● **Requirement**: Every record here must be copied exactly, except for the images it holds.

Web page caption snippets
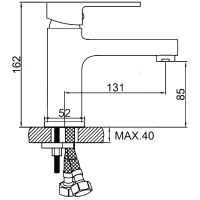 Смеситель для раковины Ledeme H30 1030L Хром — фото 10, Смесители для раковины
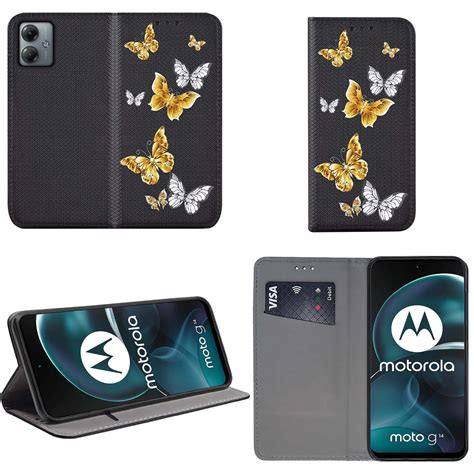 Etui Do Motorola Moto G Zamykane Malowane Wz R Motyle Szk O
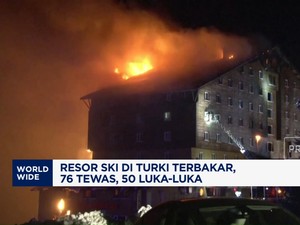 Resor Ski Di Turki Terbakar, 76 Tewas, 50 Luka-Luka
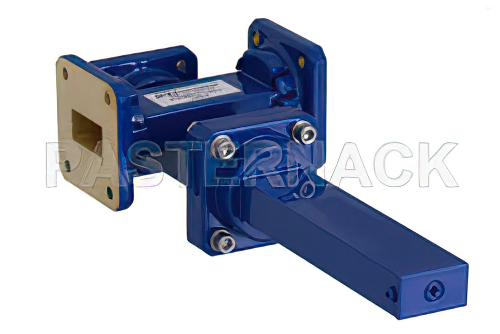 WR-75 Waveguide 30 dB Crossguide Coupler, 3 Port Square Cover Flange, 10 GHz to 15 GHz, Bronze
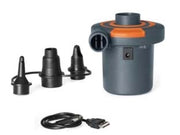 POMPA PER GONFIAGGIO 12/220V SIDEWINDER CON BATTERIE RICARICABILI  gr.378 (art.62155)    BESTWAY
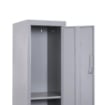 ARMADIETTO GUARDAROBA IN ACCIAIO 4 RIPIANI 2 PORTE CON CHIUSURA DI SICUREZZA GRIGIO 38X46X180CM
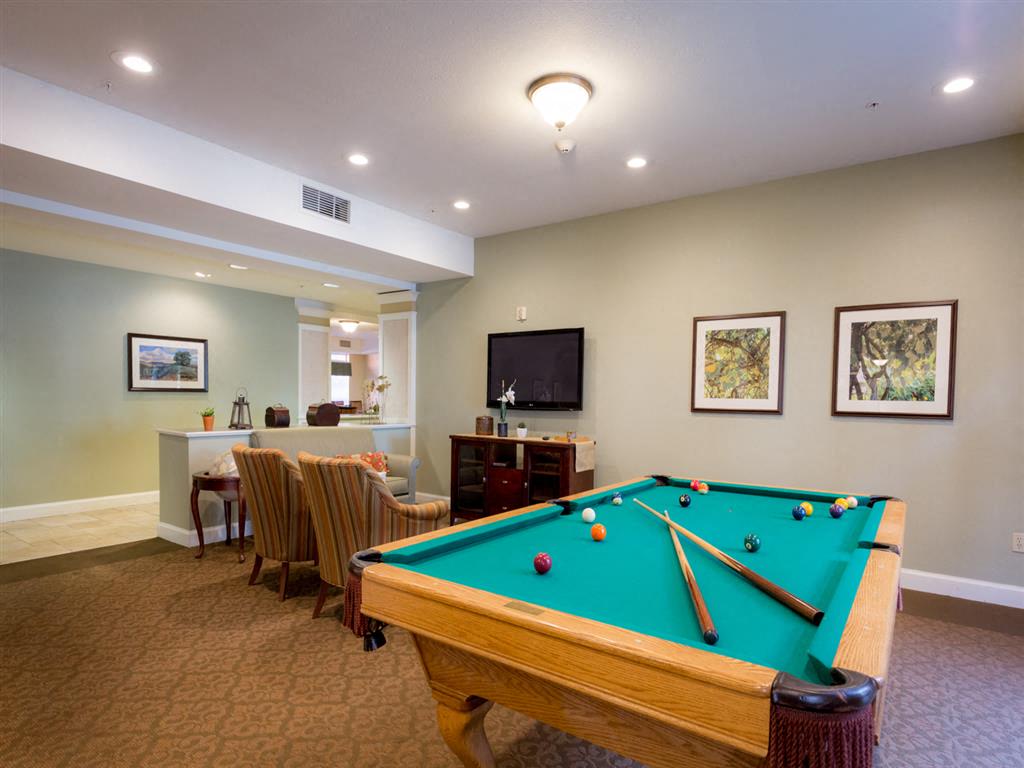 Billiards Table In Clubhouse at Cogir of Stock Ranch, Citrus Heights, 95621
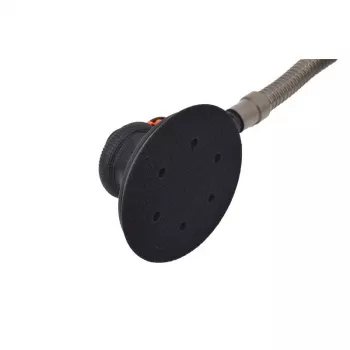 AWTOOLS AW10311BL Pneumatinis atsitiktinės orbitos šlifuoklis 150 mm 6 colių oro šlifuoklis su Hook & Loop padu, galiniu išmetimu, įmontuotu reguliatoriumi, 10 000 aps./min., 90 PSI, su dulkių maišeliu ir veržliarakčiu
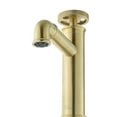 thumbnail image 6 of Avallon Single Hole, Single-Handle Wheel, Bathroom Faucet in Brushed Gold, 6 of 11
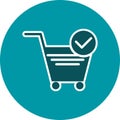 Illustration Verified Cart Items Icon For Personal And Commercial Use. Royalty Free Stock Photo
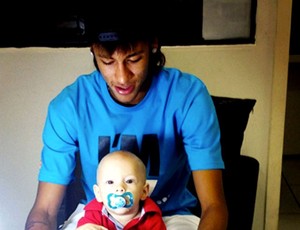 Reprodução twitter Neymar davi lucca  (Foto: Reprodução / Twitter)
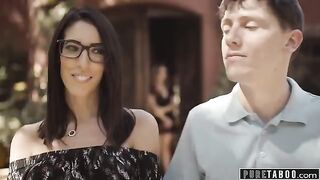 A lonely widow, Natasha Nice, got so horny she started kissing and fucking her neighbor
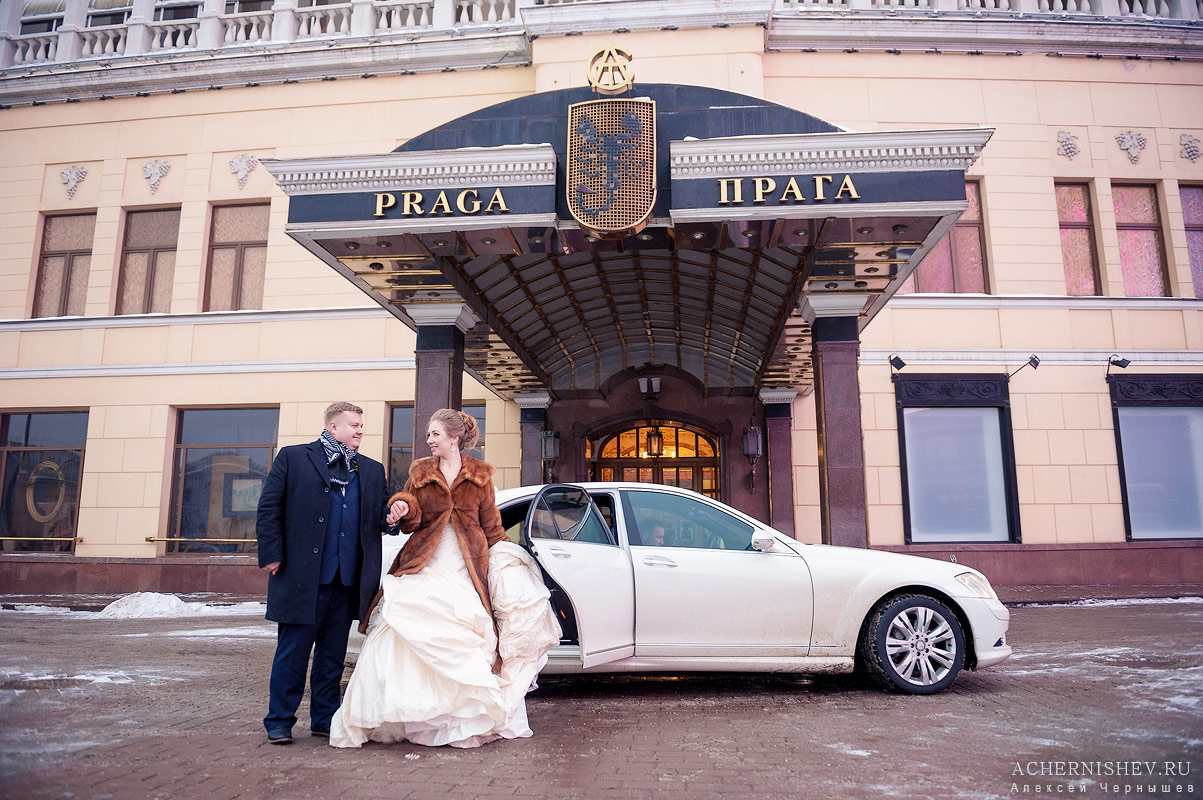 Свадьба в ресторане Прага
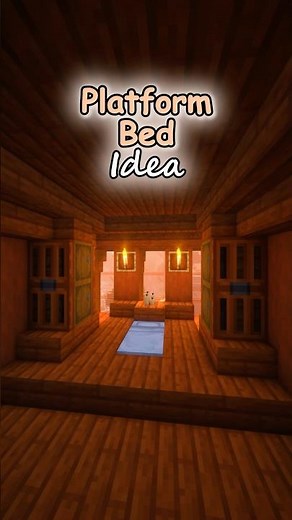 How to make a Platform Bed in Minecraft Tutorial! #minecraft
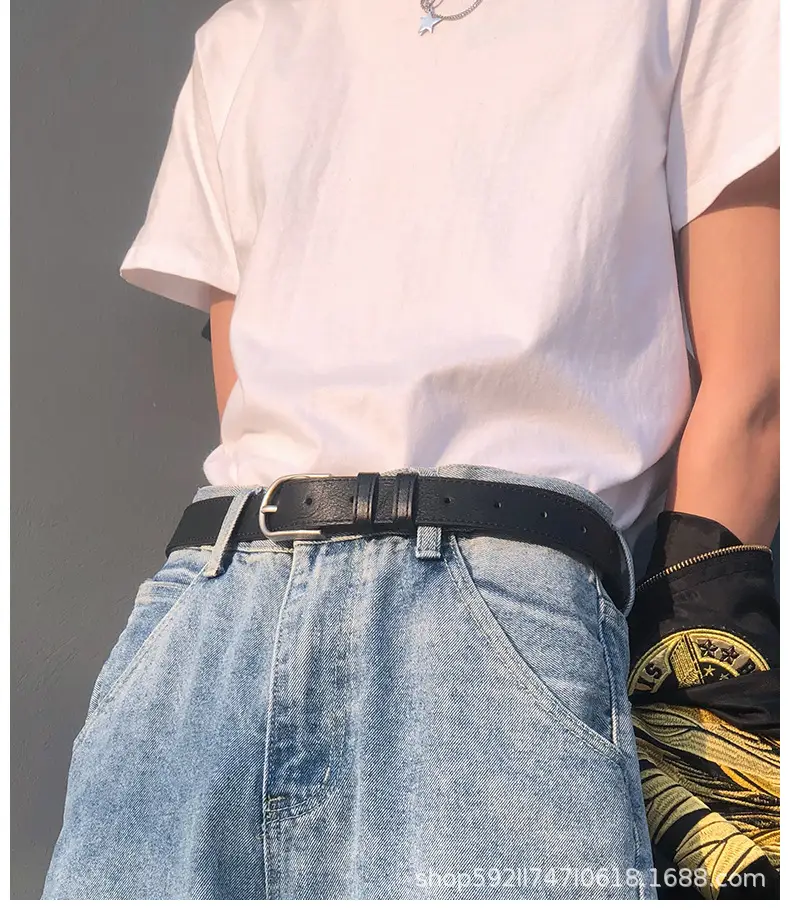 Men's Korean Style Belt with Gold Embroidery β feature 5
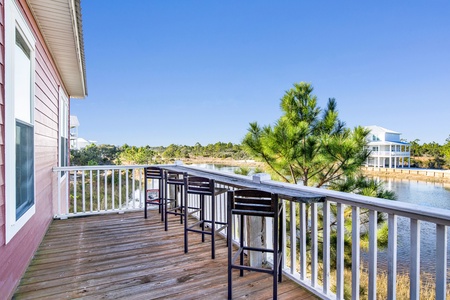 Pond view from 2nd balcony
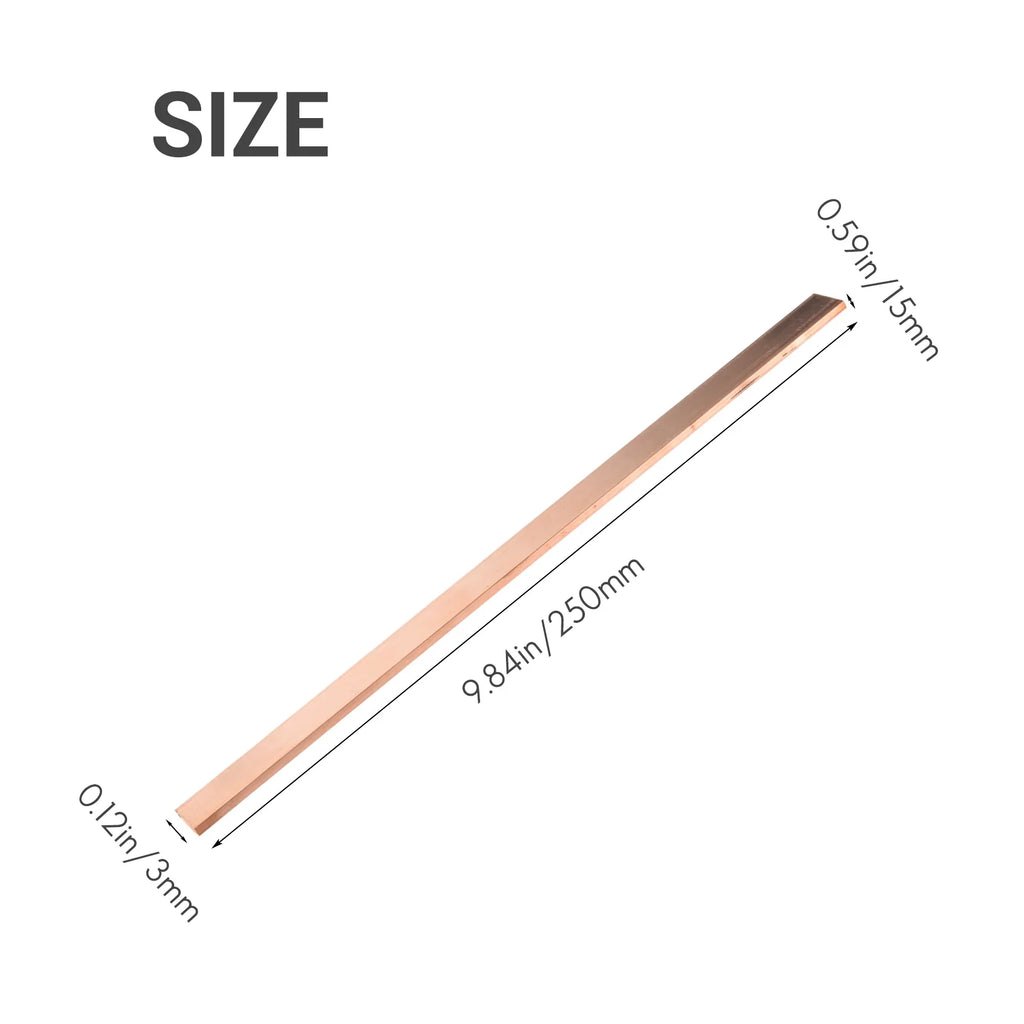 A36T-99 6 T2 Purple Copper Cu Flat Bar Plate X Metal Strip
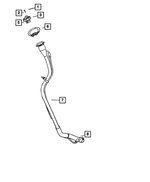 154806 - Fuel: Round Head Screw for Mopar Image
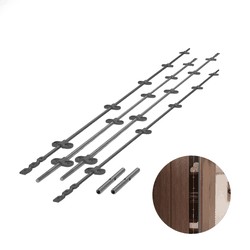 Desempenador Sobreposto Para 2 Portas de Madeira Dp 95 Rometal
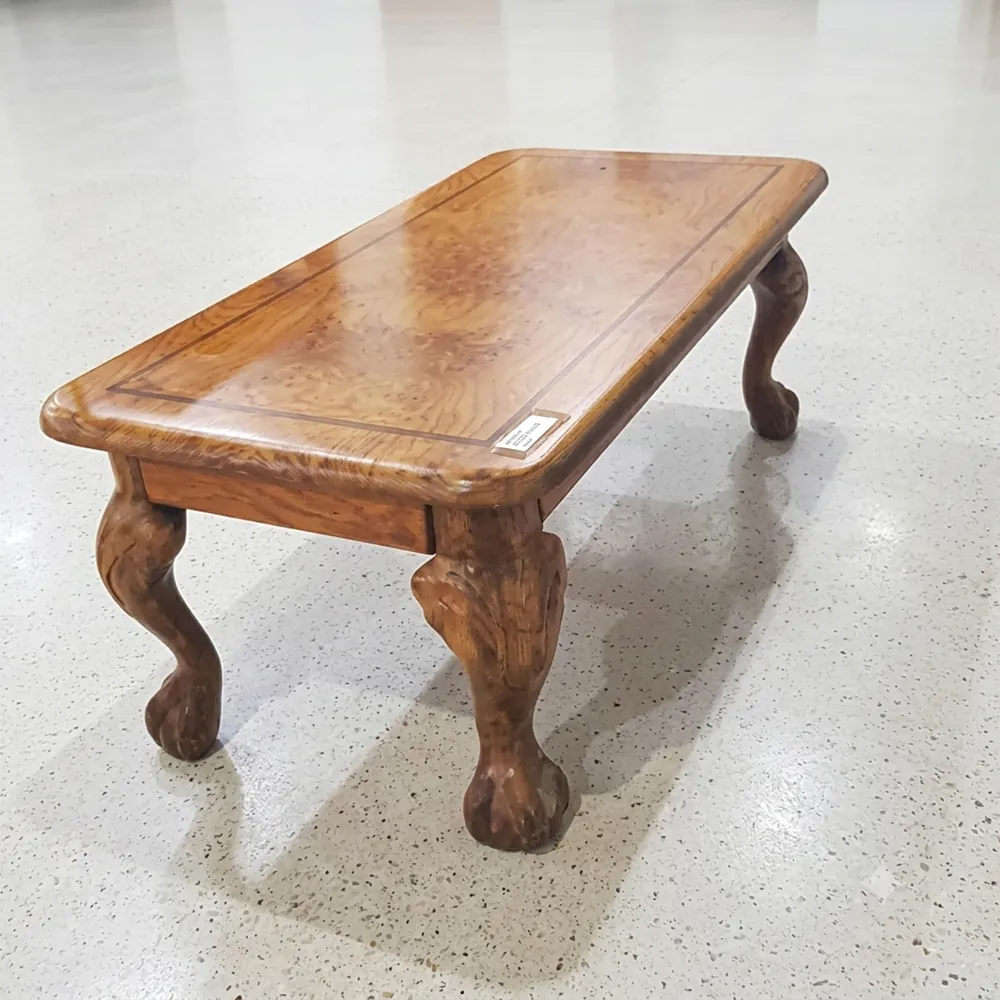 Coffee Table — Carved Oak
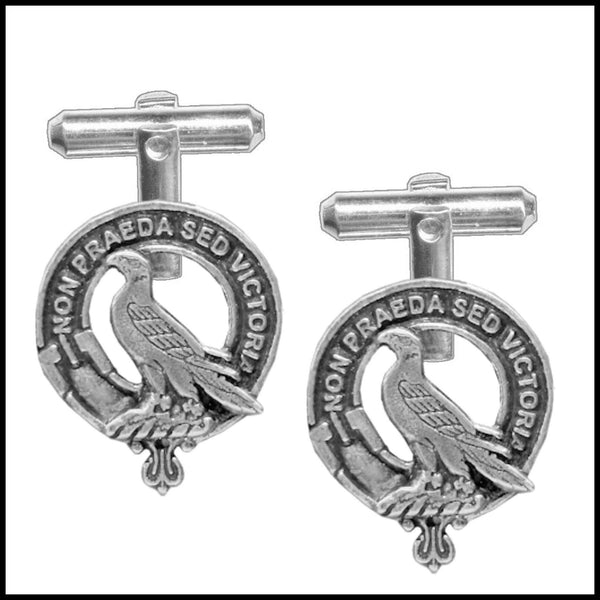 Chalmers Scottish Clan Crest Cufflinks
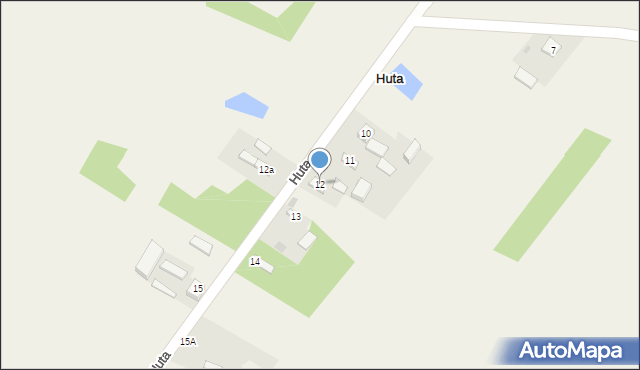Huta, Huta, 12, mapa Huta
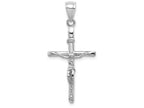 FJC Finejewelers 14k White Gold Inri Crucifix Charm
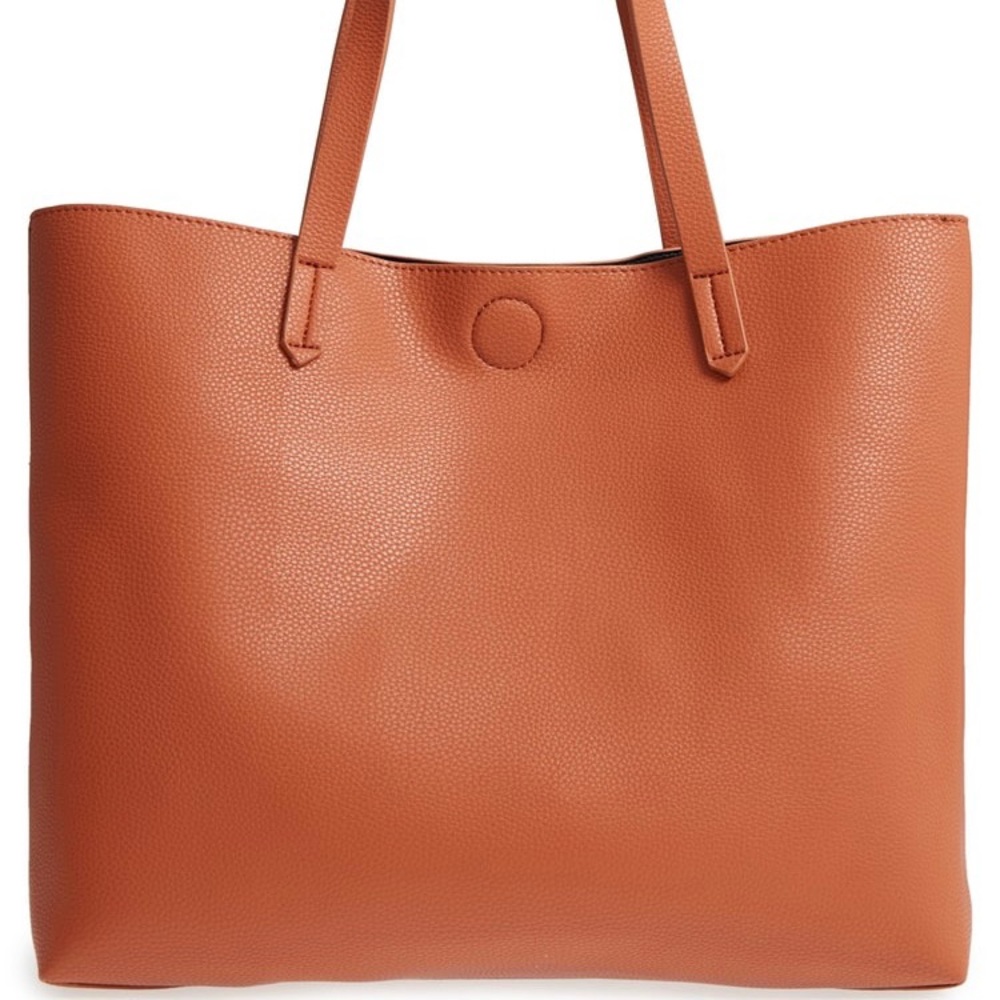 BP Carryall Tote in Cognac color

● **Answer to this problem**:
 Смеситель для раковины Ledeme H30 1030L Хром — фото 10, Смесители для раковины
 Etui Do Motorola Moto G Zamykane Malowane Wz R Motyle Szk O
 Resor Ski Di Turki Terbakar, 76 Tewas, 50 Luka-Luka
 WR-75 Waveguide 30 dB Crossguide Coupler, 3 Port Square Cover Flange, 10 GHz to 15 GHz, Bronze
 POMPA PER GONFIAGGIO 12/220V SIDEWINDER CON BATTERIE RICARICABILI  gr.378 (art.62155)    BESTWAY
 ARMADIETTO GUARDAROBA IN ACCIAIO 4 RIPIANI 2 PORTE CON CHIUSURA DI SICUREZZA GRIGIO 38X46X180CM
 Billiards Table In Clubhouse at Cogir of Stock Ranch, Citrus Heights, 95621
 AWTOOLS AW10311BL Pneumatinis atsitiktinės orbitos šlifuoklis 150 mm 6 colių oro šlifuoklis su Hook & Loop padu, galiniu išmetimu, įmontuotu reguliatoriumi, 10 000 aps./min., 90 PSI, su dulkių maišeliu ir veržliarakčiu
 thumbnail image 6 of Avallon Single Hole, Single-Handle Wheel, Bathroom Faucet in Brushed Gold, 6 of 11
 Illustration Verified Cart Items Icon For Personal And Commercial Use. Royalty Free Stock Photo
 Reprodução twitter Neymar davi lucca  (Foto: Reprodução / Twitter)
 A lonely widow, Natasha Nice, got so horny she started kissing and fucking her neighbor
 Свадьба в ресторане Прага
 How to make a Platform Bed in Minecraft Tutorial! #minecraft
 Men's Korean Style Belt with Gold Embroidery β feature 5
 Pond view from 2nd balcony
 A36T-99 6 T2 Purple Copper Cu Flat Bar Plate X Metal Strip
 154806 - Fuel: Round Head Screw for Mopar Image
 Desempenador Sobreposto Para 2 Portas de Madeira Dp 95 Rometal
 Coffee Table — Carved Oak
 Chalmers Scottish Clan Crest Cufflinks
Huta, Huta, 12, mapa Huta
 FJC Finejewelers 14k White Gold Inri Crucifix Charm
 BP Carryall Tote in Cognac color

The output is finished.